2. Don’t consume caffeine late in the day/evening. In one study, consuming caffeine up to six hours before bed significantly worsened sleep quality (4). Depending on how quickly you metabolize caffeine, it can remain in the blood for 6–8 hours. Therefore, drinking large amounts of coffee after 3–4p.m. is not recommended, especially if you are caffeine sensitive or have trouble sleeping.

Now that you have a plan and options, let’s take this goal/focus seriously! Talk amongst each other and communicate with us! 3,2,1… zZzZZ.


(1) Campbell. S.S., Dawson. D., & Anderson. M.W. (1993). Alleviation of sleep maintenance insomnia with timed exposure to bright light. Journal of American Geriatric Society. Aug;41(8):829-36.

(2) Fetveit. A., Skjerve. A., Bjorvatn. B. (2003). Bright light treatment improves sleep in institutionalised elderly--an open trial. International Journal of Geriatric Psychiatry. Jun; 18(6):520-6.

(3) Fronken et. Al. (2010). Light at night increases body mass by shifting the time of food intake.
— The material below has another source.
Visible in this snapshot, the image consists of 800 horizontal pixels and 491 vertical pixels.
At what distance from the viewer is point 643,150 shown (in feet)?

Proc Natl Acad Sci USA. Oct 26;107(43).

(4) Drake et. Al. (2013). Caffeine effects on sleep taken 0, 3, or 6 hours before going to bed. Journal of Clinical Sleep Medicine. Nov 15;9(11):1195-2000.
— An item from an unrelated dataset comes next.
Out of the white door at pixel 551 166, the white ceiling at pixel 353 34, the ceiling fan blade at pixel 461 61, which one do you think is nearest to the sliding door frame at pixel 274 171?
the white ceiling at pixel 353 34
(5) McDevitt. E.A., Alaynick. W.A., & Mednick. S.C. (2012). The effect of nap frequency on daytime sleep architecture. Physiological Behavior.Aug 20; 107(1):40-4.

(6) Issa. F.G., & Sullivan. C.E. (1982). Alcohol, snoring and sleep apnea. Journal of Neurol Neurosurg Psychiatry. Apr; 45(4):353-9.

(7) Ekman . A.C., Et. Al. (1993). Ethanol inhibits melatonin secretion in healthy volunteers in a dose-dependent randomized double blind cross-over study. J Clin Endocrinol Metab. Sep; 77(3):780-3.